■ Goal of the exercise ■
Which lines in the listing below contain the word "Nike"? Copy each one.

--- Data for analysis Enclosed Below ---

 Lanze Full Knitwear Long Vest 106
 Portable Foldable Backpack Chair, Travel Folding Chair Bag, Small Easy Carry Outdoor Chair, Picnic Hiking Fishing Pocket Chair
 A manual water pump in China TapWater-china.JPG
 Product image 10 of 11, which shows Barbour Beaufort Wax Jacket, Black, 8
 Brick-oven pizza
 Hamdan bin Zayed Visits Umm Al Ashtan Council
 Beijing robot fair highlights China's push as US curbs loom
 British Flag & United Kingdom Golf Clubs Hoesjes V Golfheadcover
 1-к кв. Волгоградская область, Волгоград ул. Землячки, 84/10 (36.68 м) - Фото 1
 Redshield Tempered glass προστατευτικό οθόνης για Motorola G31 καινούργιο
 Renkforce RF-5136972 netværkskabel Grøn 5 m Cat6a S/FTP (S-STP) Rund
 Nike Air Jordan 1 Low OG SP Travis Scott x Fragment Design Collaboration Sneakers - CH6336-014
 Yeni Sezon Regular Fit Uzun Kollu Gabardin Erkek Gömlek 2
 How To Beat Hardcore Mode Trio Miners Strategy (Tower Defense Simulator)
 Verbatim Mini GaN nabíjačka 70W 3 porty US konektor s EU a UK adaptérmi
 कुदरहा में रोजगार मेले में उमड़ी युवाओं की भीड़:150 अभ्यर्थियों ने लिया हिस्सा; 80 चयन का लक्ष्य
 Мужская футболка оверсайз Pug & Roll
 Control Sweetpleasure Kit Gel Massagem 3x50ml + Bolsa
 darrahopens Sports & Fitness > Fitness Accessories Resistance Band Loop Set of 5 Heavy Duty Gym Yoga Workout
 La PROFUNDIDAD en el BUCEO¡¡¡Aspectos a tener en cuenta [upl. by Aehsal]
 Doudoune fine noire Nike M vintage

--- End of Enclosed Data for analysis ---

■ Result for this exercise ■
 Nike Air Jordan 1 Low OG SP Travis Scott x Fragment Design Collaboration Sneakers - CH6336-014
 Doudoune fine noire Nike M vintage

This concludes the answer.